‘I am Walter Ralegh, know ye not that?’
Walter Ralegh (c.1554-1618) was a pivotal cultural and political figure. Adventurer, courtier, poet, traitor, he was one of the most charismatic and controversial figures of the English Renaissance. The antiquary Anthony á Wood summed up both the difficulties of categorising him and the range of his interests: ‘[a]uthors are perplex’d […] under what topic to place him, whether of statesman, seaman, souldier, chymist, or chronologer; for in all these he did excell’. ‘Favourite’ of Elizabeth I, in later life Ralegh's fortunes reversed as, unpopular with James I, he was tried for treason, condemned, imprisoned, released, and then finally executed in October 1618 after his return from the disastrous second Guiana voyage.

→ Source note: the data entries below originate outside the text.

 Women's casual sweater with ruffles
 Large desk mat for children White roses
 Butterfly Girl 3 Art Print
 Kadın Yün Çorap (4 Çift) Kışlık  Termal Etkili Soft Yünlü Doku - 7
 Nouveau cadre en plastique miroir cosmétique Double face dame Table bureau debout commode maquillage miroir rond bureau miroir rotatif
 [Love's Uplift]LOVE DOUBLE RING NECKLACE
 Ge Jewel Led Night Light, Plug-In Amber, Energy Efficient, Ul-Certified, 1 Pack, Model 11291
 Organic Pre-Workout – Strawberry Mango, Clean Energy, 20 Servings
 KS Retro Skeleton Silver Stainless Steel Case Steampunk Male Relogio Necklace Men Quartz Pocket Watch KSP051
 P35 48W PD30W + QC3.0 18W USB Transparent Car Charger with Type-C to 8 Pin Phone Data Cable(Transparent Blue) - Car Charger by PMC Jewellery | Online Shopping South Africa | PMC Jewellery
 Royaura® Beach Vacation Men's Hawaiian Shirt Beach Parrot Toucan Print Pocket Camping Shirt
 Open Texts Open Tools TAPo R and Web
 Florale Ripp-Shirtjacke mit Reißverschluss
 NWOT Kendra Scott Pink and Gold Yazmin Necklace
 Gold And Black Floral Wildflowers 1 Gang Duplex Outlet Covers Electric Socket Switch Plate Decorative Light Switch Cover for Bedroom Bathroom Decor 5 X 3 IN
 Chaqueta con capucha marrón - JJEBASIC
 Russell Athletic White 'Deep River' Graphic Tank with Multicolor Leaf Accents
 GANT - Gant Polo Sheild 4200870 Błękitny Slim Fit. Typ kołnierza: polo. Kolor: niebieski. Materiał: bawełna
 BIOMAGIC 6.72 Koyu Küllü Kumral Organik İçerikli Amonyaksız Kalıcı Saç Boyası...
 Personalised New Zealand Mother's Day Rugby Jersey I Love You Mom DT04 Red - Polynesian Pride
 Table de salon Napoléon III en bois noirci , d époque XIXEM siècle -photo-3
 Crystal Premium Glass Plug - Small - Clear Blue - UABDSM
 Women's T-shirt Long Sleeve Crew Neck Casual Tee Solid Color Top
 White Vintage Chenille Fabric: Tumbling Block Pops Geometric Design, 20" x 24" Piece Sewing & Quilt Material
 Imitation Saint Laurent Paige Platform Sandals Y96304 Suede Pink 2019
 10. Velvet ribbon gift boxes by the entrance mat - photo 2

As his contemporary Sir Robert Naunton, Master of the Court of Wards, observed: ‘Sir Walter Rawleigh was one that it seemes fortune had picked out of purpose, of whom to make an example, and to use as her Tennis-Ball, thereby to shew what she could do’. He was also an individual whose life and treatment, and beliefs expressed in speech and writing, other writers used to support their own political viewpoints. Anna R. Beer sums up his extraordinary significance when she writes that, due to his own political marginalisation through long-term imprisonment and popular vilification, ‘Ralegh should not have mattered in the seventeenth century’, yet he was in fact the key individual the Stuart state was unable ‘to silence’. Indeed, ‘in the decades after his execution, Ralegh was re-formed by his readers into an authority in opposition to Stuart government’. Processes of memorialization appear to have taken place even whilst Ralegh was still alive, perhaps because ‘the Last Elizabethan’ (Hugh R. Trevor Roper's name for him) was considered already ‘civilly dead’ after his condemnation for treason in 1603, that is dead to law and society.
Accounts about him both whilst alive and posthumously are often starkly different, running the gamut from hyperbolically hostile to hagiographic, so that multiple versions of ‘Walter Ralegh’ emerge and compete for dominance. For instance, he was often seen as the victim of royal authoritarianism, repression, and injustice.